En efecto, el aviso de los activos financieros estructurados de agosto de 2007, que produjo la intervención masiva de los bancos centrales, y finalmente la caída de Lehman Brothers, trece meses más tarde, desató el pánico en los mercados financieros y en los ideólogos liberales y condujo a la intervención pública más masiva y generalizada en las economía desarrolladas desde la crisis de 1929. Los bancos centrales abrieron completamente el grifo del dinero a la banca, multiplicando por dos o por tres el tamaño de sus balances. La Reserva Federal llegó incluso al sacrilegio de comprar pagarés a los fabricantes de automóviles. Estados Unidos nacionalizó la mayor aseguradora del mundo, AIG, y el mayor fabricante de automóviles norteamericano, General Motors. Gran Bretaña intervino sus bancos, a excepción de Barclays, con inyecciones masivas de capital público. Alan Greenspan declaró al Financial Times que si era necesario nacionalizar la banca habría que hacerlo para salvar el sistema. Las mecas del liberalismo, desde donde Reagan y Thatcher habían promovido y conseguido la liberalización y el desmantelamiento de los contrapesos públicos al mercado, y su propio gurú, ahora apodado el enterrador, pedían a gritos la intervención del Estado. 15 de septiembre de 2008-Descanse en paz el mito liberal de los mercados eficientes.

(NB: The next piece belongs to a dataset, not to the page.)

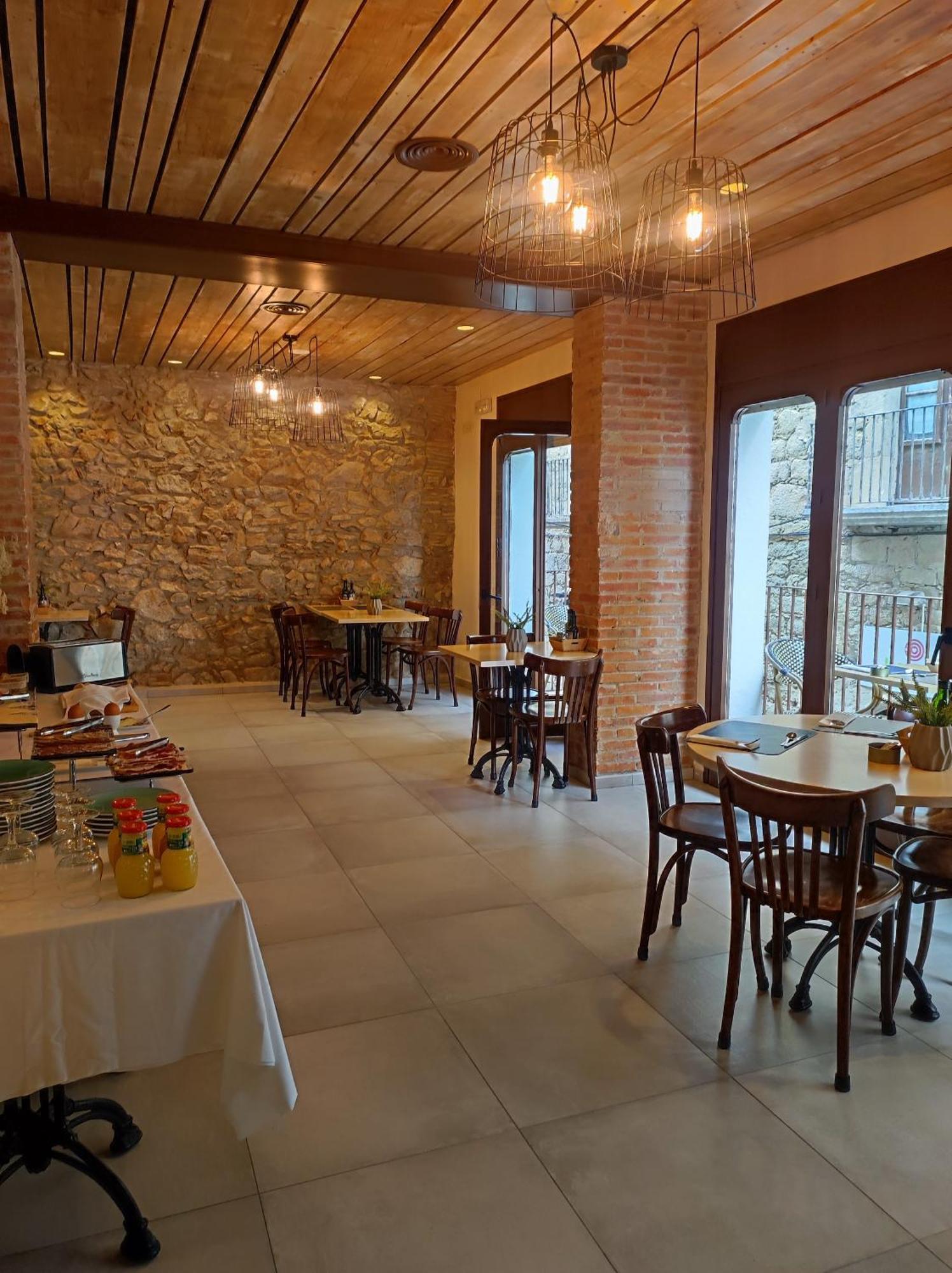 Taverna De La Sal Boutique Hotel L' Escala Eksteriør bilde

La cumbre de urgencia del G-20, el 15 de noviembre de 2008 en Washington, supuso una recuperación del papel del Estado en la economía. En el punto 7 de su comunicado final se establecía la necesidad de recurrir a medidas fiscales para estimular las demandas internas con efecto inmediato. Además, un estudio del FMI4 establecía que la forma más efectiva de expansionar la demanda no era reducir los impuestos sino promover programas masivos de inversión pública. El miedo a la deflación obligaba a gobiernos liberales y social-liberales a desenterrar las teorías keynesianas y con ello se recuperaba el marco económico donde la socialdemocracia se sentía cómoda. Ahora bien, esta resurrección duró poco, en junio de 2010 en Toronto, alejado el miedo a la deflación, la mayoría de gobiernos europeos de derechas y liberales y el Banco Central Europeo, en plena crisis griega (como consecuencia de la deuda oculta por el gobierno de derechas de Karamanlis con el asesoramiento de Goldman Sachs), plantearon al G-20 volver al consenso de Washington en materia de déficit. Frente a Europa, Estados Unidos y la Reserva Federal defendían mantener el impulso fiscal y monetario y con ello volvía a plantearse el duelo de políticas económicas de los años ochenta.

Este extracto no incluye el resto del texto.